__Working data__:
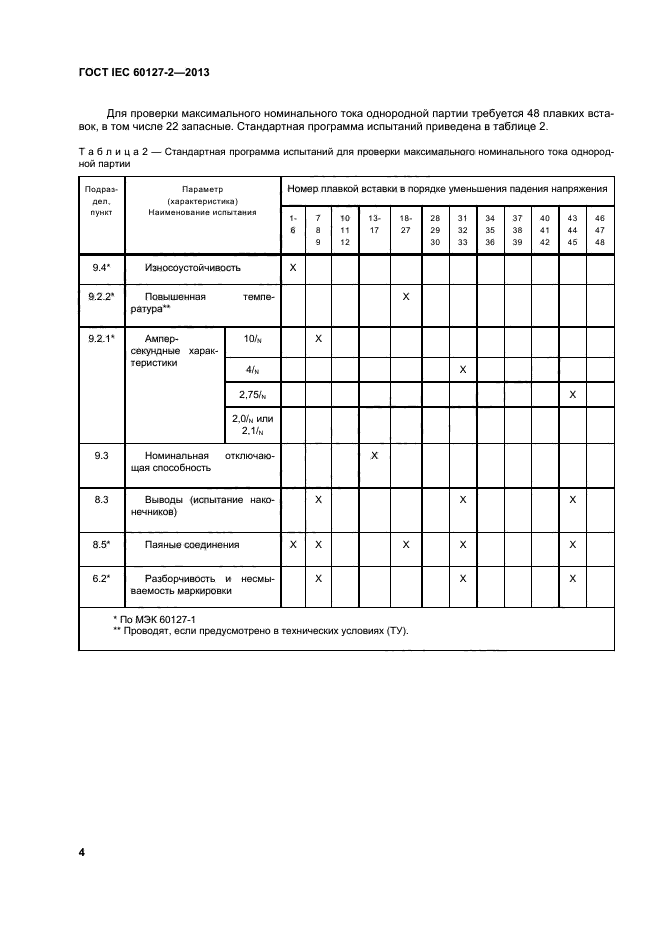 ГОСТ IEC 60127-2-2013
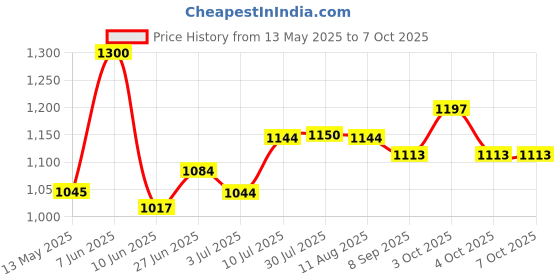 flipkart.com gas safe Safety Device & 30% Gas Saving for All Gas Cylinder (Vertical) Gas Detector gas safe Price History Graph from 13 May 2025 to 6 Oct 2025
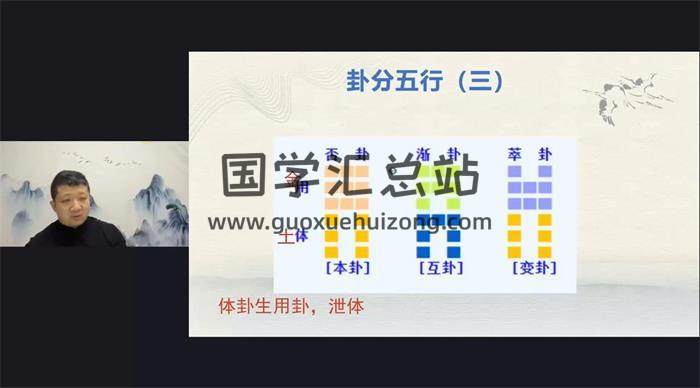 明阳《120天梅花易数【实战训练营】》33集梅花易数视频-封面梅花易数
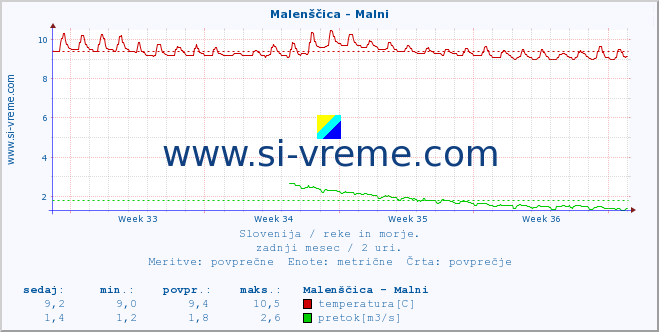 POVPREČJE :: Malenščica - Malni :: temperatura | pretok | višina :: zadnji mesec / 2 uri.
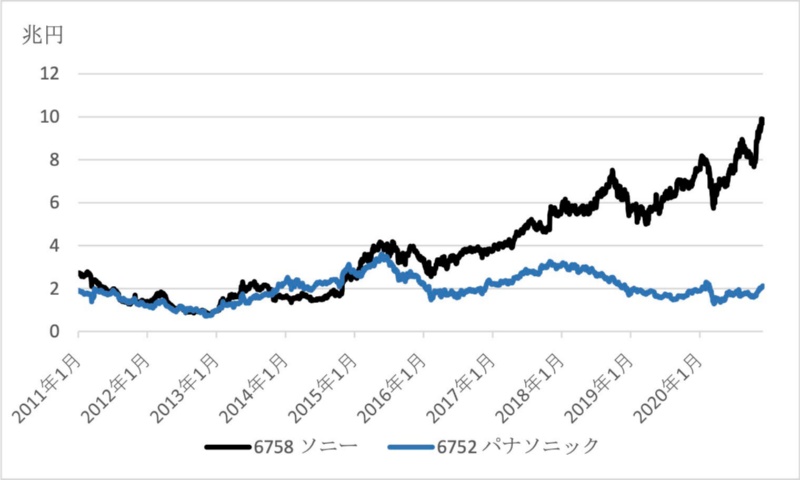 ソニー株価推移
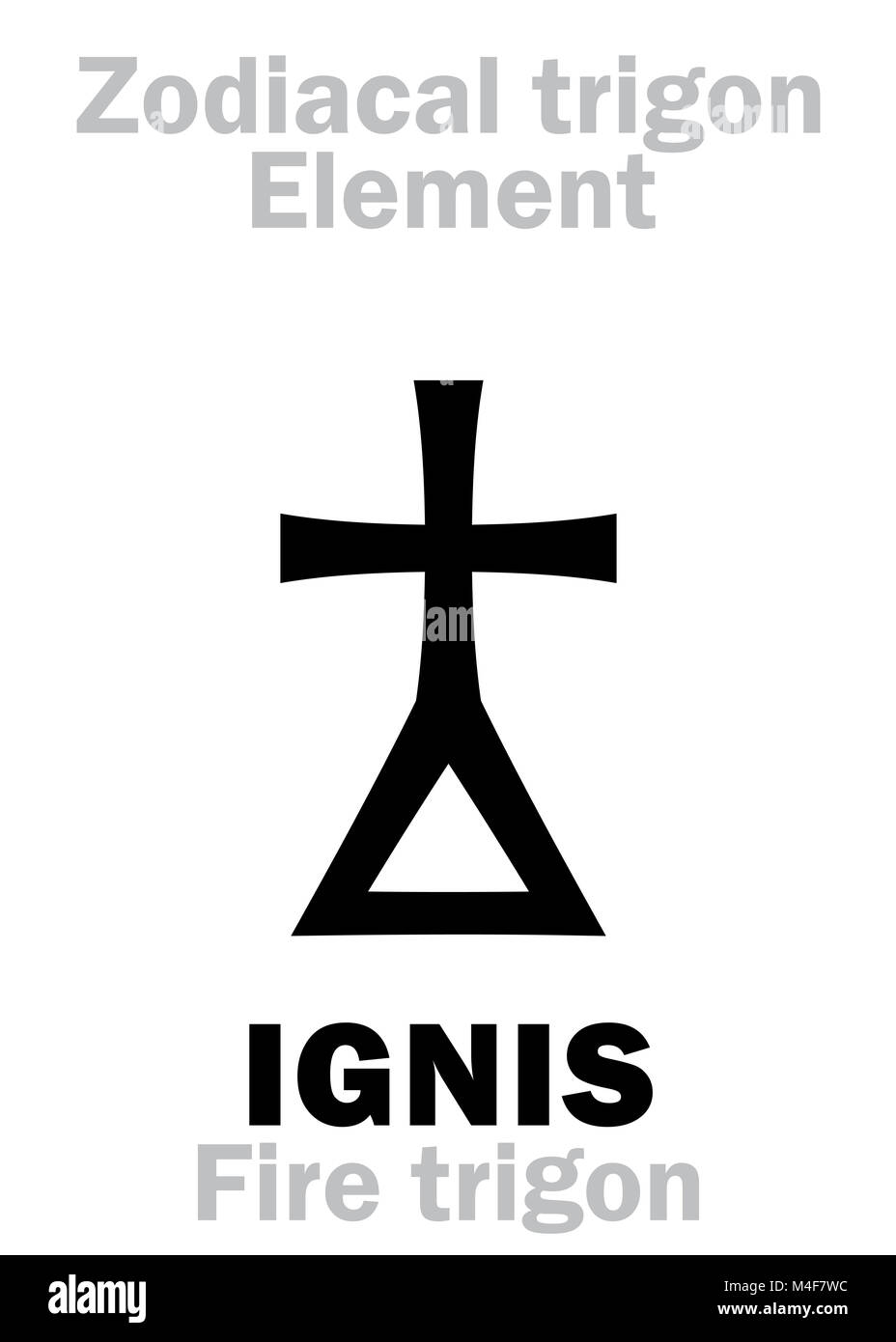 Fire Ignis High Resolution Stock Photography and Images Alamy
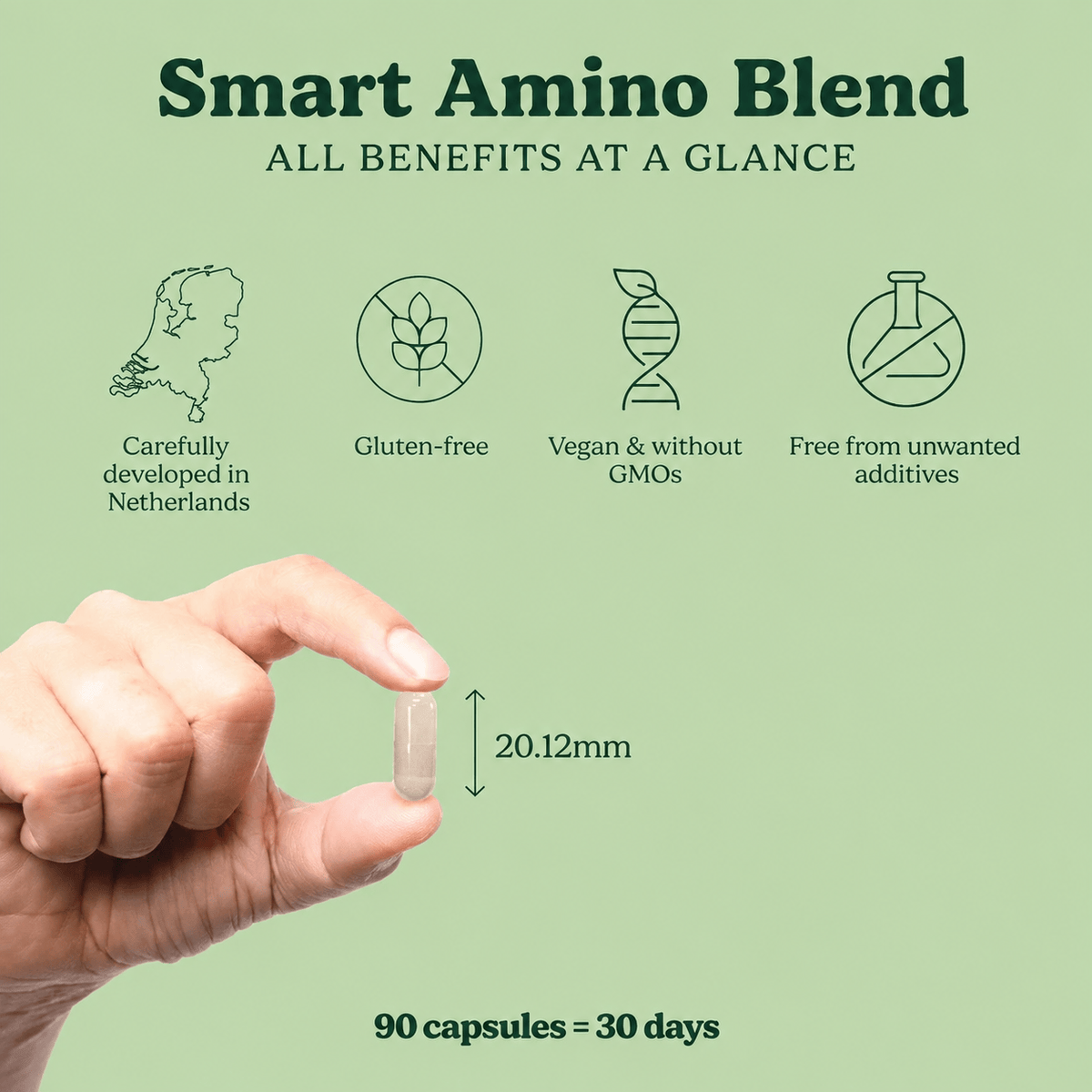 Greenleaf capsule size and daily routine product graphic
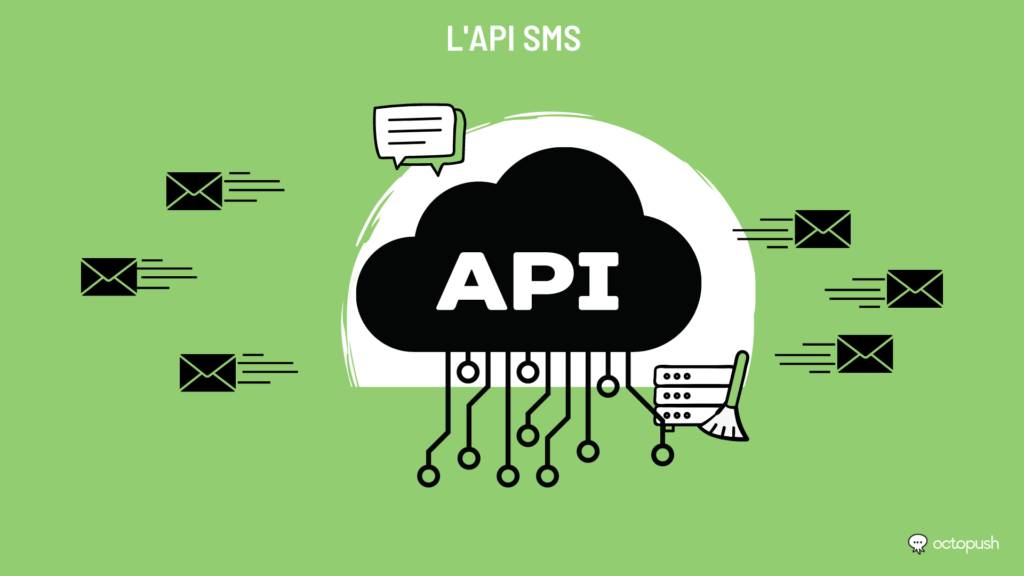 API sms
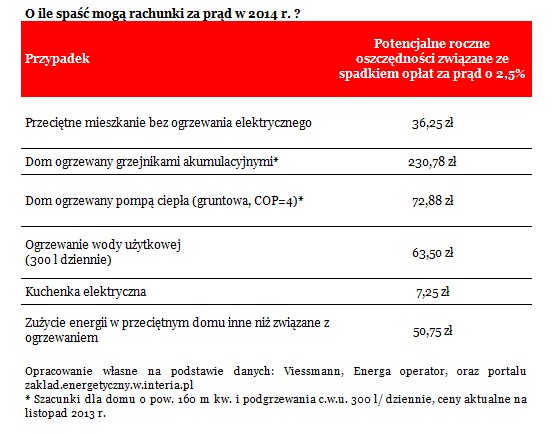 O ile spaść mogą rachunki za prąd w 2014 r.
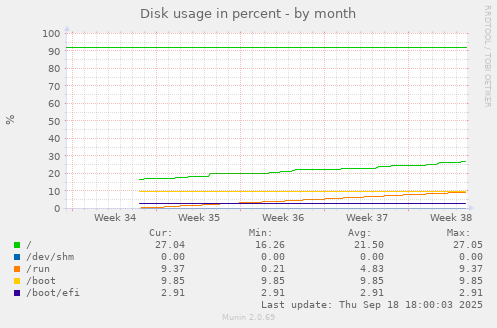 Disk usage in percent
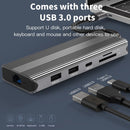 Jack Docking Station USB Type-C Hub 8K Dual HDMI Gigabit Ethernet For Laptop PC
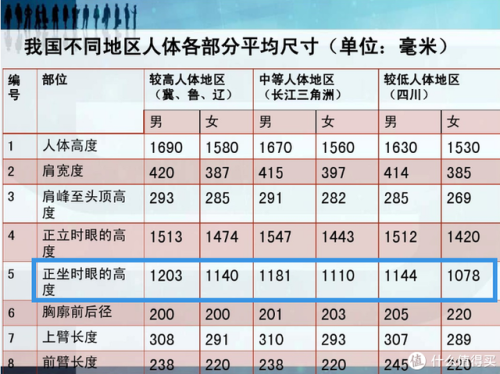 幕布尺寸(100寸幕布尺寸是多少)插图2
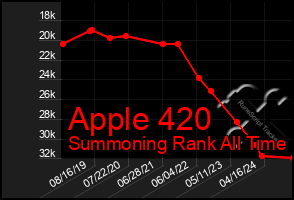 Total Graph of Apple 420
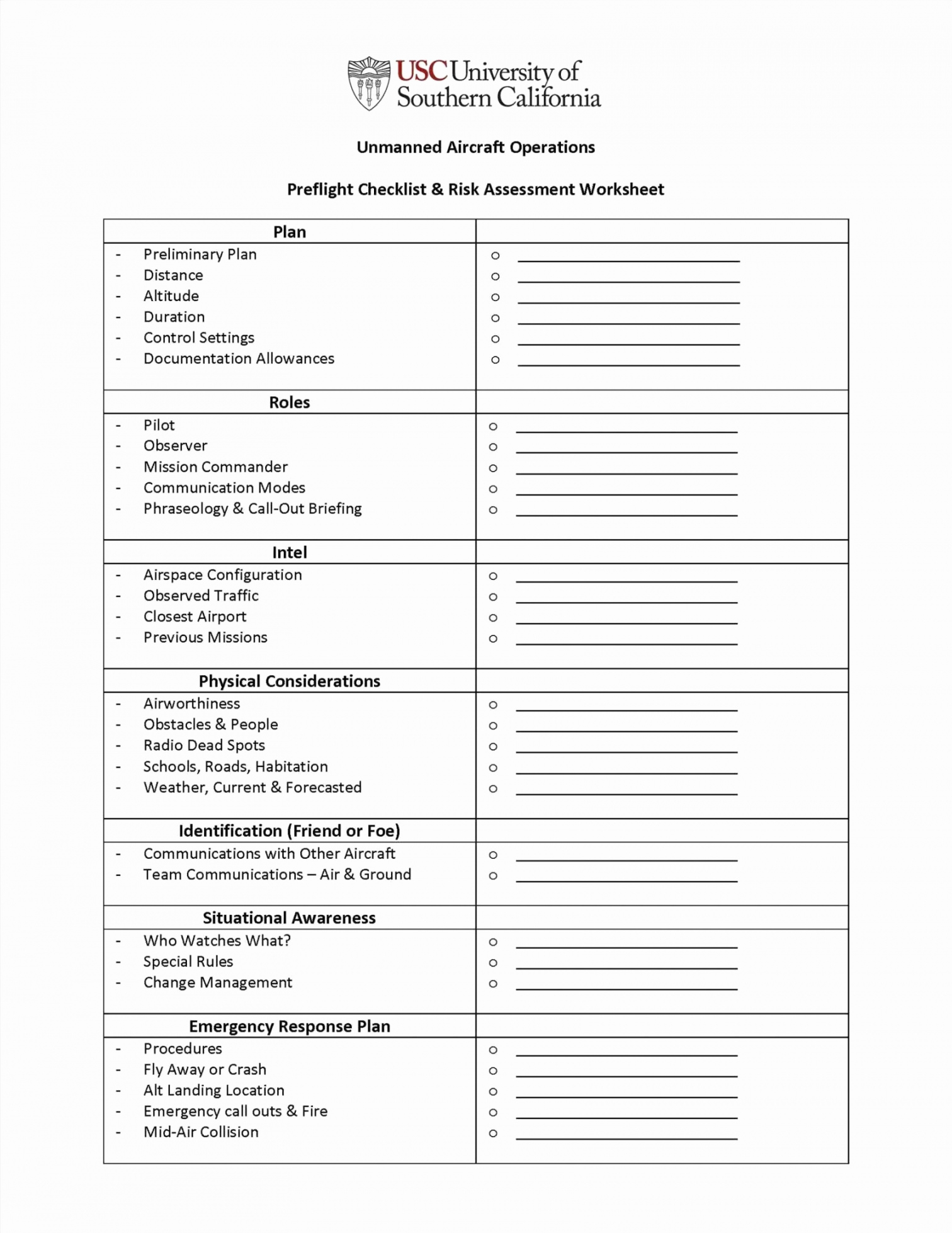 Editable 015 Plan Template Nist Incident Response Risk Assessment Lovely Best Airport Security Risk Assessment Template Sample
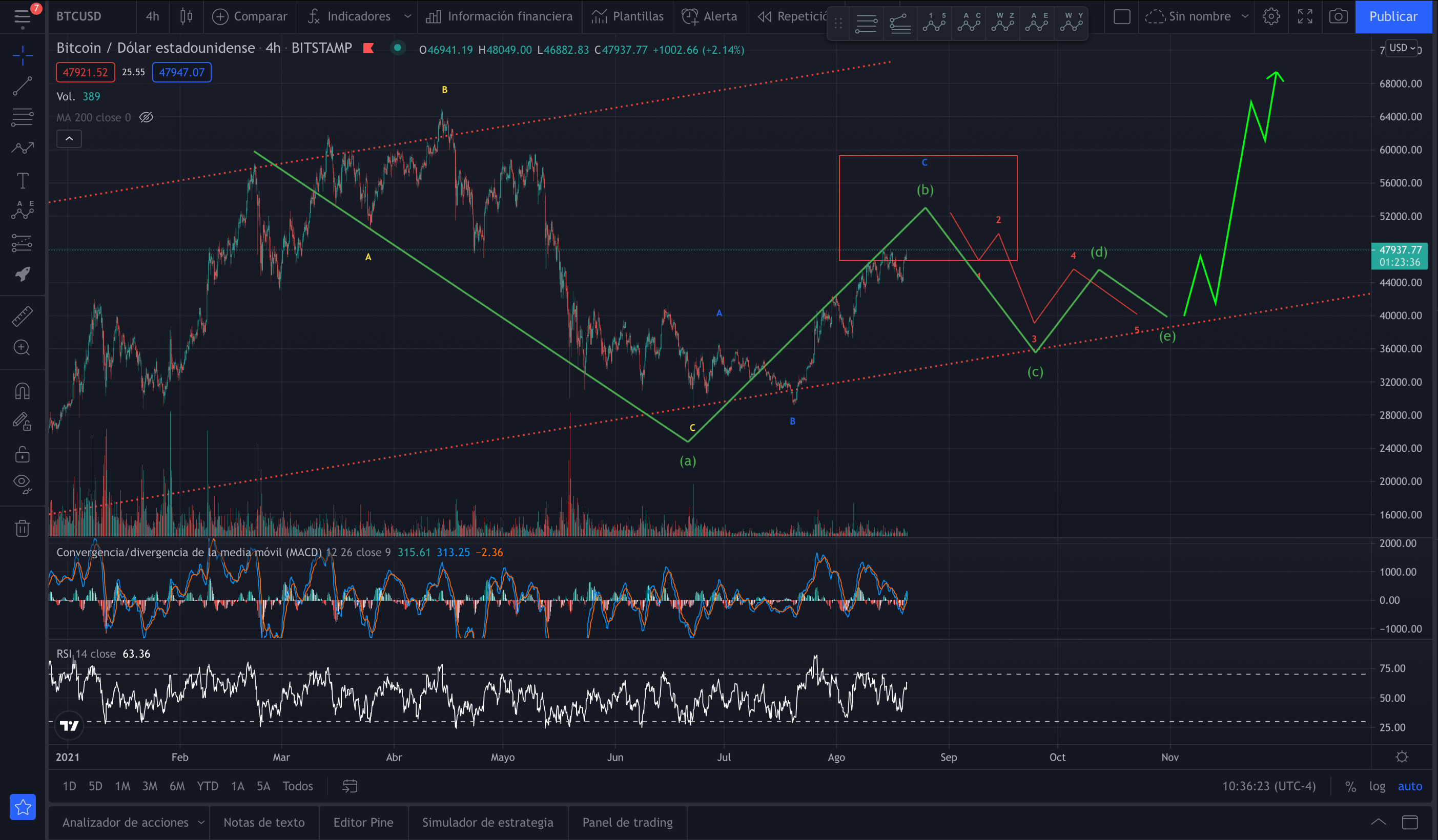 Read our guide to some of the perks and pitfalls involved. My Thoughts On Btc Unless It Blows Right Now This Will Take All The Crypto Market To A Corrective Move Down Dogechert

__Exercise objective__:
Extract, character for character, every line from the one that holds "Jack Docking Station" through the end of the entries above. Include both boundary lines and no pictures.

__Task result__:
 Jack Docking Station USB Type-C Hub 8K Dual HDMI Gigabit Ethernet For Laptop PC
 幕布尺寸(100寸幕布尺寸是多少)插图2
 Total Graph of Apple 420
 Editable 015 Plan Template Nist Incident Response Risk Assessment Lovely Best Airport Security Risk Assessment Template Sample
 Read our guide to some of the perks and pitfalls involved. My Thoughts On Btc Unless It Blows Right Now This Will Take All The Crypto Market To A Corrective Move Down Dogechert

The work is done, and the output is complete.